ONSITE
10-19 NOV 2023
ONLINE
15-28 JAN 2024

Last Things

Parallel

Synopsis

Evolution and extinction from the point of view of rocks and various future others: Last Things introduces the geobiosphere as a place of evolutionary possibility, where humans disappear but life endures.

Deborah Stratman takes up a pluralist vision of evolution, where imagining prehistory is inseparable from envisioning the future, and combines pure science with speculative fiction to weave a visual poem with evocative sounds and texts from writers and thinkers from all ages and sounds, together with landscapes and microscopic photographs that reveal the textures of rocks.

Biography and Films

Deborah Stratman (Washington, D.C., 1967) is a filmmaker and an associate professor in the School of Art & Art History at the University of Illinois at Chicago.

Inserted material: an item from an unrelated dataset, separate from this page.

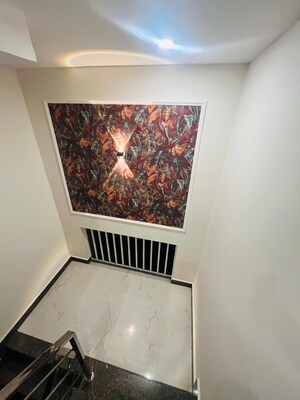 Furnished Amenities in 3 BHK Builder Floor at Gms Road – for Sale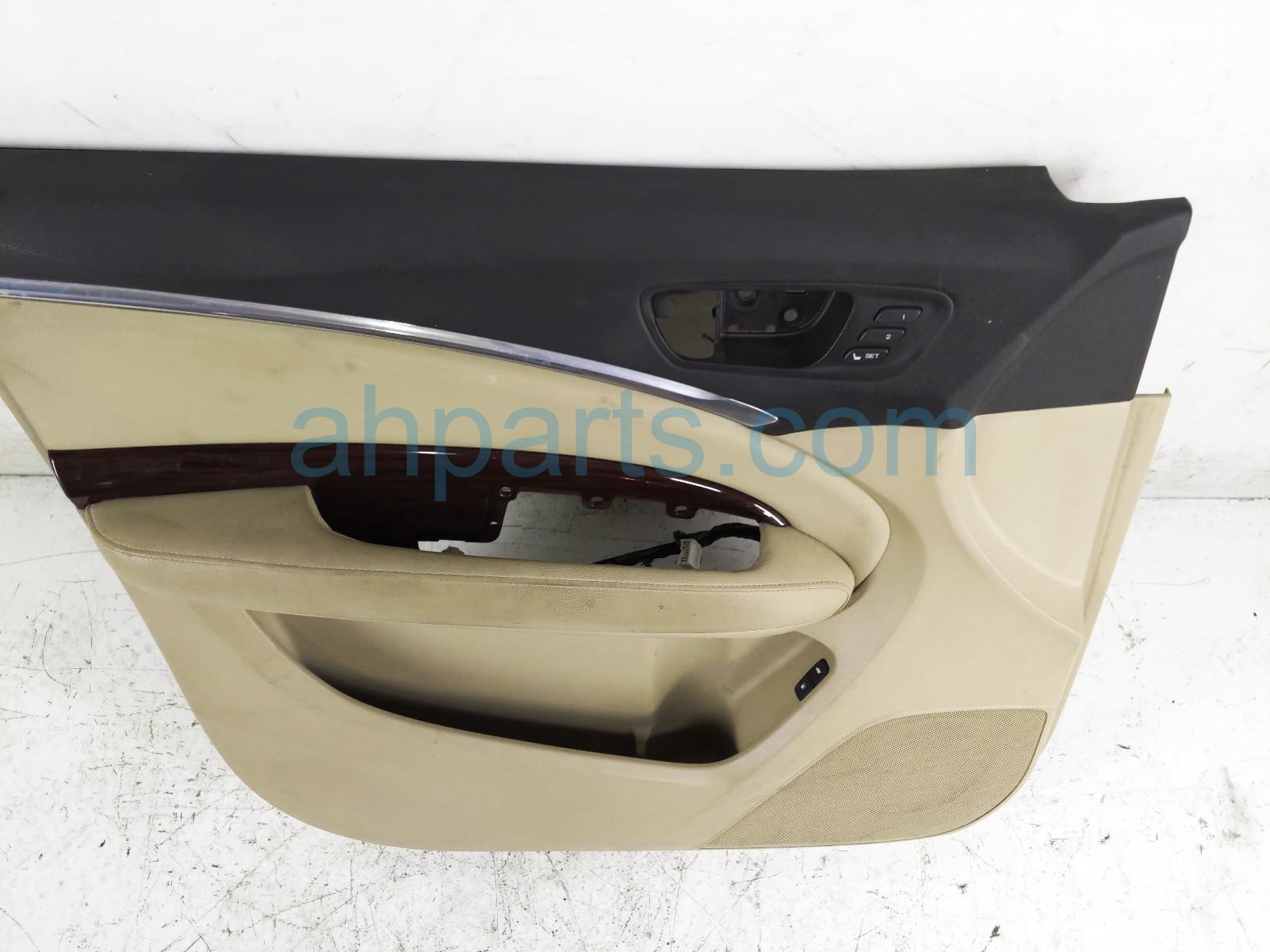 $69 Acura FR/LH INTERIOR DOOR PANEL - TAN* $69 Acura FR/LH INTERIOR DOOR PANEL - TAN*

Much of her work points to the relationships between physical environments and the human power struggles that play out on the land and address ideas of freedom, identity, control, ghosts and faith. Blurring the lines between documentary and experimental filmmaking, she mixes analogue and digital images with archive footage. Her work has been exhibited at MoMA and MoMA PS1, Centre Pompidou, Witte de With and Tabakalera, among many other art centres, and her films have been screened at festivals such as Sundance, Berlinale, CPH:DOX, True/False, Toronto, Locarno and Rotterdam.

She made her Spanish debut in 2002, when In Order Not to Be Here competed in the official section at l’Alternativa, and she has been a festival regular ever since: O’er the Land won Best Documentary in 2009 and The Illinois Parables won a Special Mention in the Feature Film section. In l'Alternativa 2017 she presented a retrospective on her work and led a Sonic Rambling workshop.

Her latest feature, Last Things, is being screened at l'Alternativa 2023 after its world premiere at Sundance and playing at the Berlinale, and The Illinois Parables is also be rescreened this year.